_Short web captions_.
==================================================
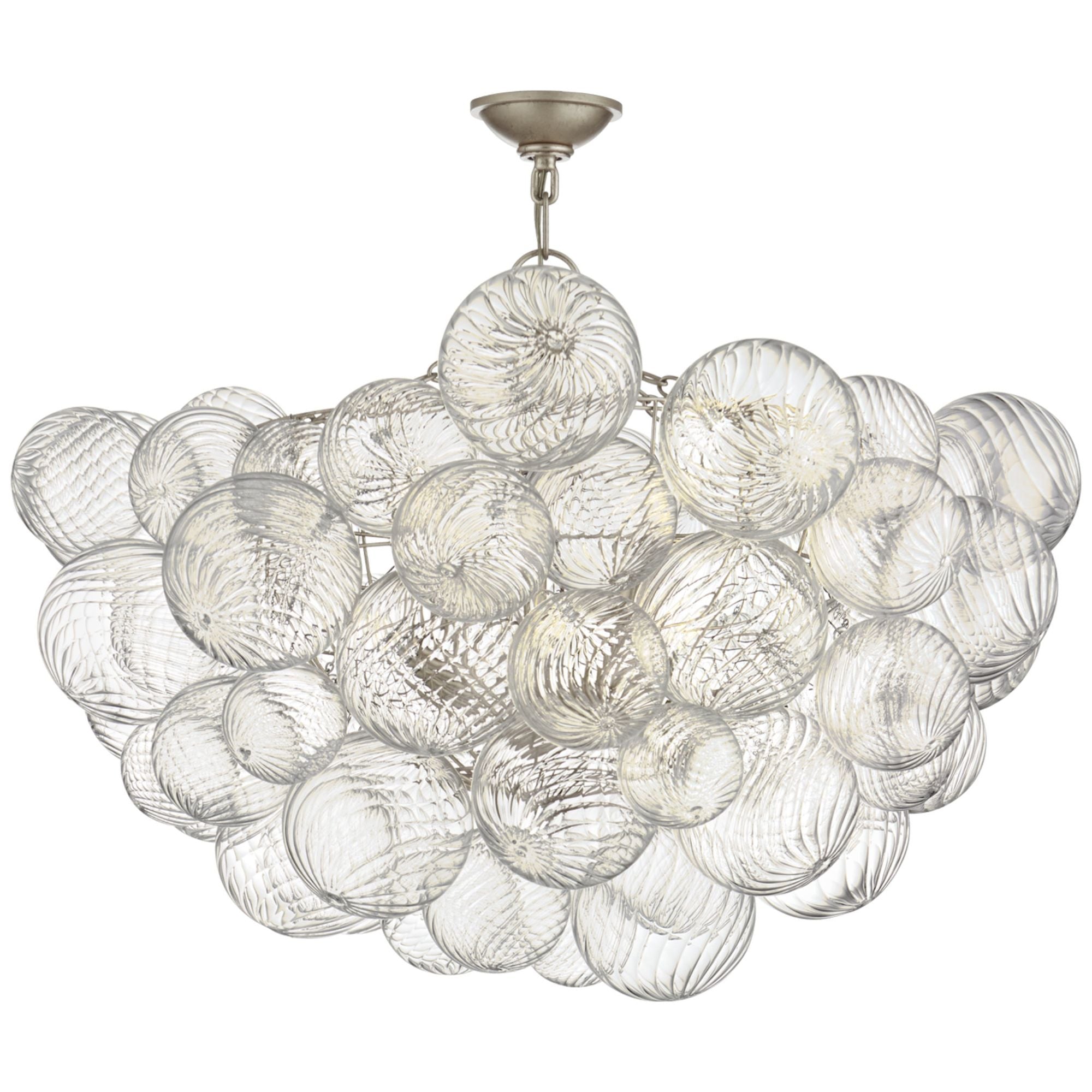 Julie Neill Talia 33" Semi-Flush Mount in Burnished Silver Leaf and Clear Swirled Glass Ceiling Light W33" x H29"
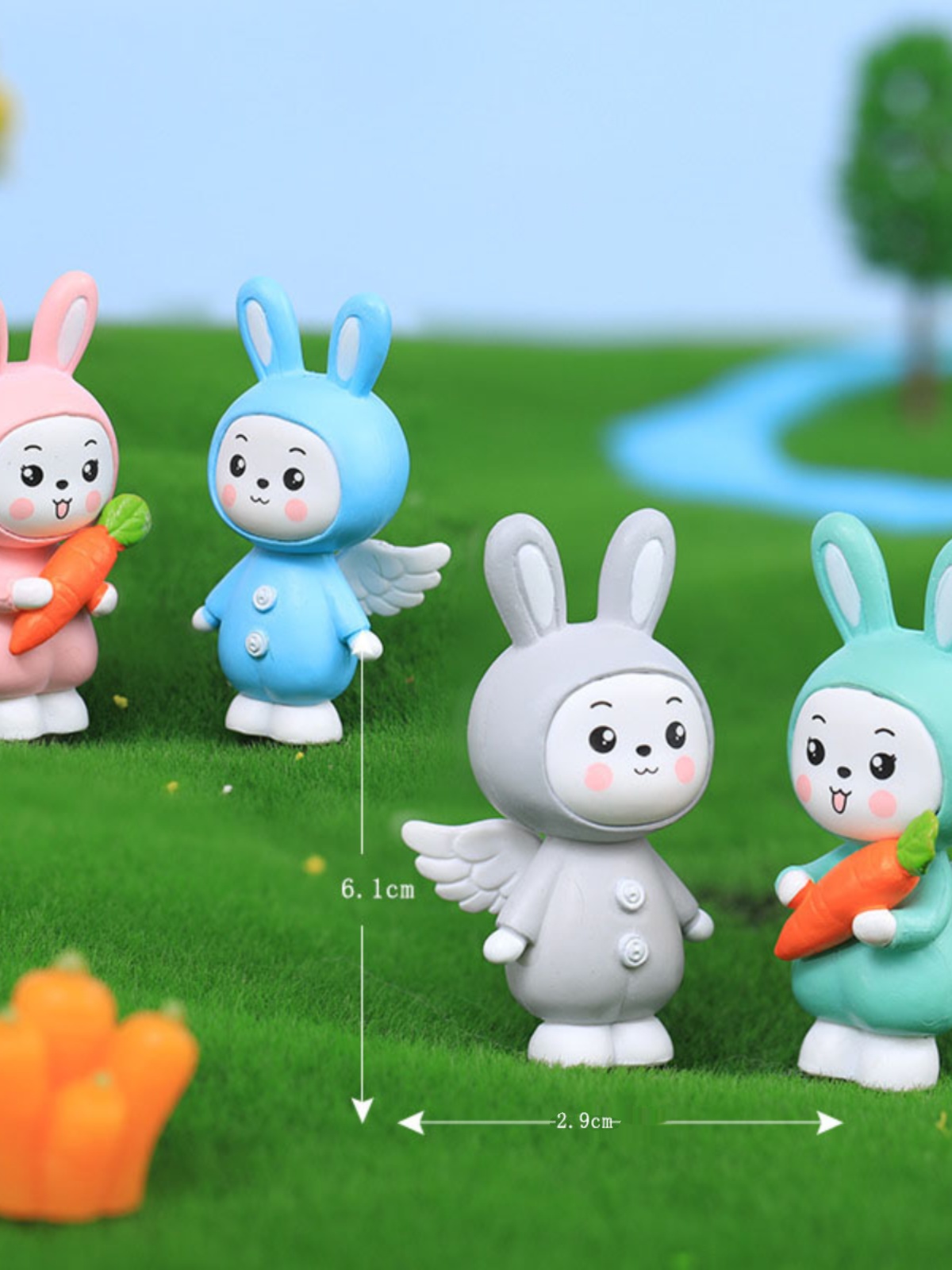 可爱塑料天使兔子摆件桌面小动物摆设创意微景观手工多肉蛋糕装饰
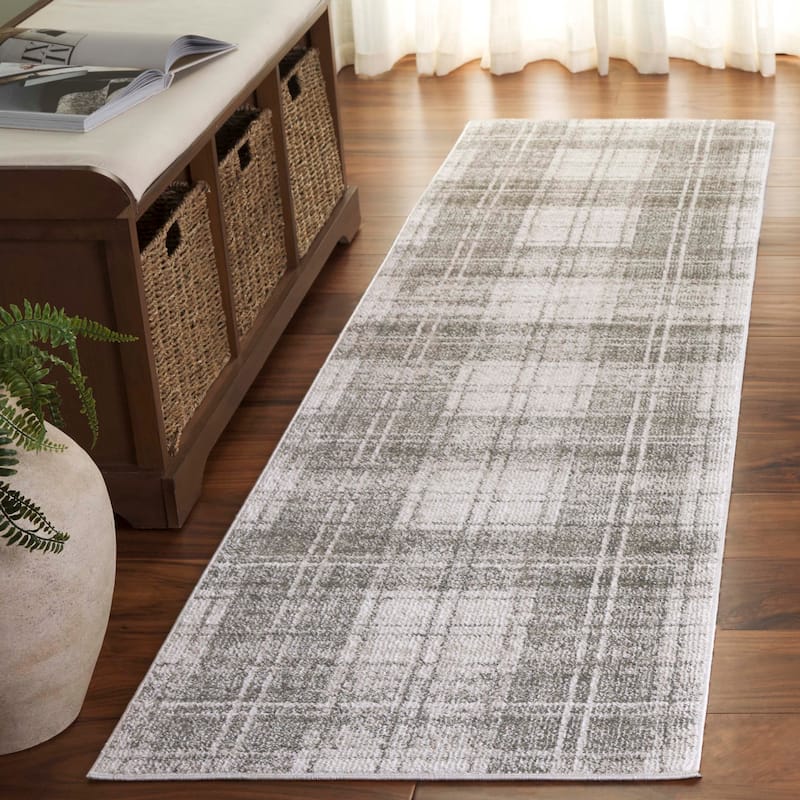 SAFAVIEH Oxford Plaid Irit Farmhouse Rug - 2' x 8' Runner - Green/Ivory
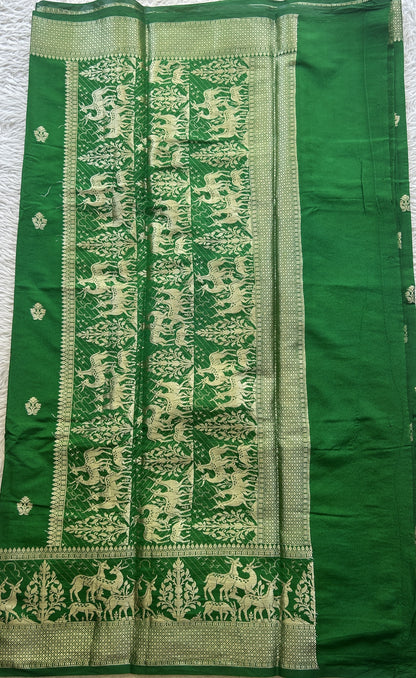 Semi Raw Silk Saree Dark Forest Green Colored Elegantly Paired with a Zari Border. - Sampradaya Designer Studio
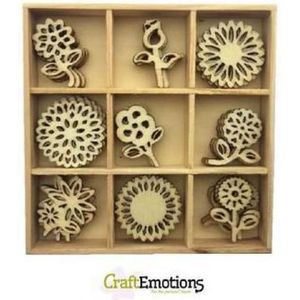 CraftEmotions Houten ornament - bloemen 45 assorti  - box 10.5x10.5cm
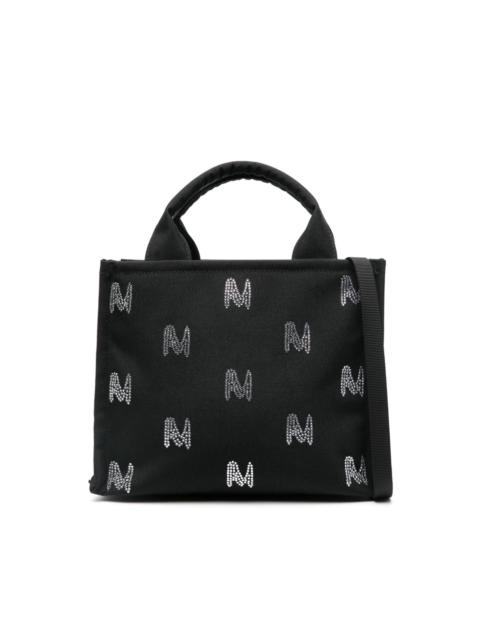 crystal-embellished logo tote bag
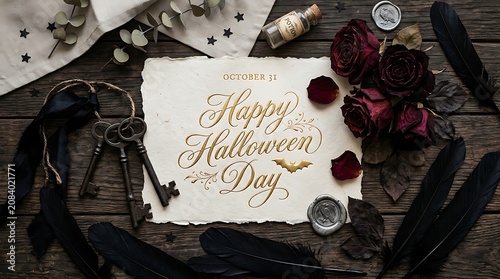 Happy halloween day celebration with pumpkins and decorations on wooden table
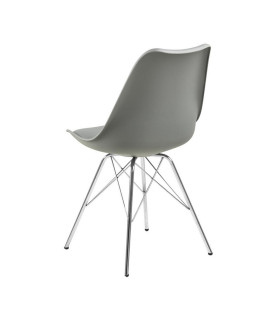 Стул ERIS, серый ПУ, хром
==================================================
_Exercise brief_.
Omit the pictures and print again exactly the lines from the one with "CraftEmotions Houten ornament" through the final line of the entries, both ends included.

_Response_.
 CraftEmotions Houten ornament - bloemen 45 assorti  - box 10.5x10.5cm
 crystal-embellished logo tote bag
 Happy halloween day celebration with pumpkins and decorations on wooden table
 Стул ERIS, серый ПУ, хром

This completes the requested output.